Having dragged two daughters across a narrower span of sea from Kent to Belfast, I have seen at close hand the challenges that sets for adolescent social integration. Sophie experiences that same disconnection from the support networks of her friends, the difficulties of finding a way to study in an entirely different education system, of finding a way to pick up the threads of her own future.
These dilemmas are given added urgency with the challenge of Kira’s sickness. Marshall gives her invented plague a certain strangeness of symptoms. Sufferers are afflicted by sleepiness and loss of focus – occasional absences of attention – the petit mal, yet with some aspects of haemophilia. It presents as a subtle illness that defies diagnosis except by a formal test and whose progression is at first unknown, unfathomable. This is not the plague of other apocalyptic stories, with sweats and fevers, buboes and messy death.
Marshall herself spent time as an Oxford-based post-doctoral researcher into the literature around the time of the Black Death. This experience informs the character of Sophie’s aunt, whose research into old plagues puts her in demand as scientists battle to understand this new pandemic. As she and Sophie work together, it seems the past may have something to tell them and that there may be a link between an illness that impairs the judgement of the young, and the inundation threatening to flood the world.
I have to say that I love Julia Lloyd’s cover for the UK version of the book. It captures the strangeness of the story to my eye, hints of shapes, glimpses of patterns, a touch of science, that become easier to appreciate as you read on and the story develops. To say more would probably be too spoilerish, but I have rarely found a cover so seemingly abstract, yet which resonated so well with the unfolding story it introduced.
Despite the global crises, Marshall’s story remains tightly focussed on its first-person protagonist Sophie and her response to the various challenges and traumas she encounters. Sophie finds allies in strange places, from dark hospital corridors to college greens beneath the shadow of dreaming spires. There are the familiar teenage themes of parties and staying out late and alarming the adults, but all against the backdrop of a strange unquantifiable danger that haunts the young people of The Migration.
The adults, however, are the ones who struggle more with how climate and disease are changing the realities of their world.
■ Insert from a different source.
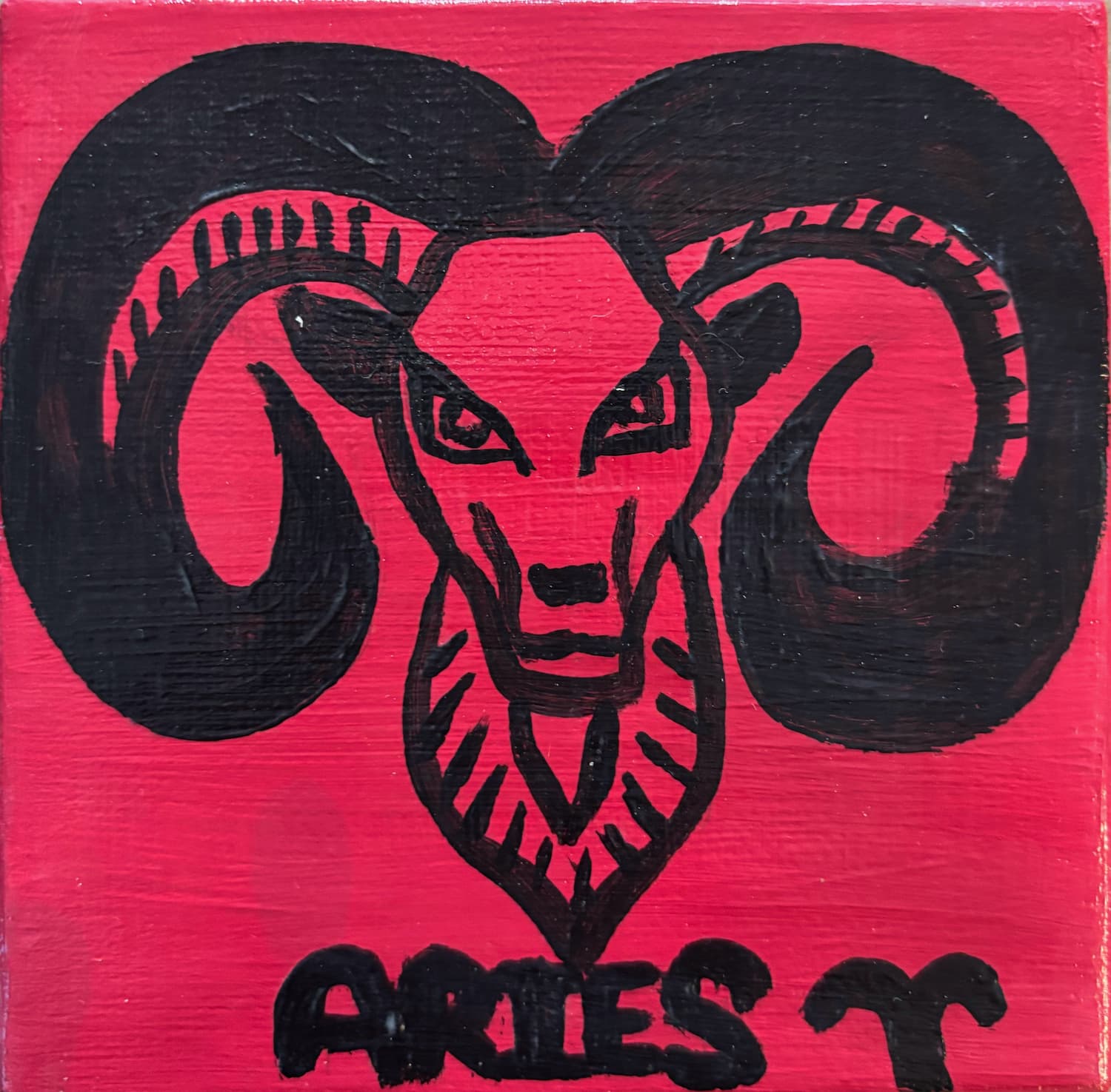 Mini acrylic canvas painted with an Aries zodiac design, part of the Zodiac Collection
Scientists seek not so much to understand as to control the development of the disease, their medical intervention as unsubtle and ultimately ineffective as the sand bags that are dumped in cottage doorways to stave off the rising floods. Without ever quite tipping over into the mayhem of a zombie apocalypse story, Marshall still conveys a sense of a society that is fragmenting under pressure and in the process badly losing its moral compass.
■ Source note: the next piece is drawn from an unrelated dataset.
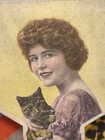 Vintage C  1930 Ashcraft Undertaker Embalmer Fan Sign Funeral Cat New Jersey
Sophie is let down by both her parents – each retreating in different ways from facing the mysterious illness that has gripped Kira. Sophie is the one left sharing a room, secrets, fears with Kira, and ultimately Sophie is the one seeking to preserve some kind of future for her sister in a moment of impulsiveness that fundamentally changes the story’s direction.
Death stalks the story, from its opening line to its closing page. Throughout, Sophie struggles to come to terms with the way the horizons of her family and her generation are being brutally curtailed by illness and government, striving for meaning and purpose in the seemingly senseless.
Marshall’s prose is fresh, simple, yet also powerful.
“I tie knots in my memories, make a rope out of them to keep me sane. When I wake up there are those precious pockets of time when I forget what happened.”
Sophie is a protagonist for whom we quickly care and fear, a heroine for whom we want the best – but it is in the nature of Marshall’s inventive story that we are surprised by the final outcome that we end up hoping for, for Sophie.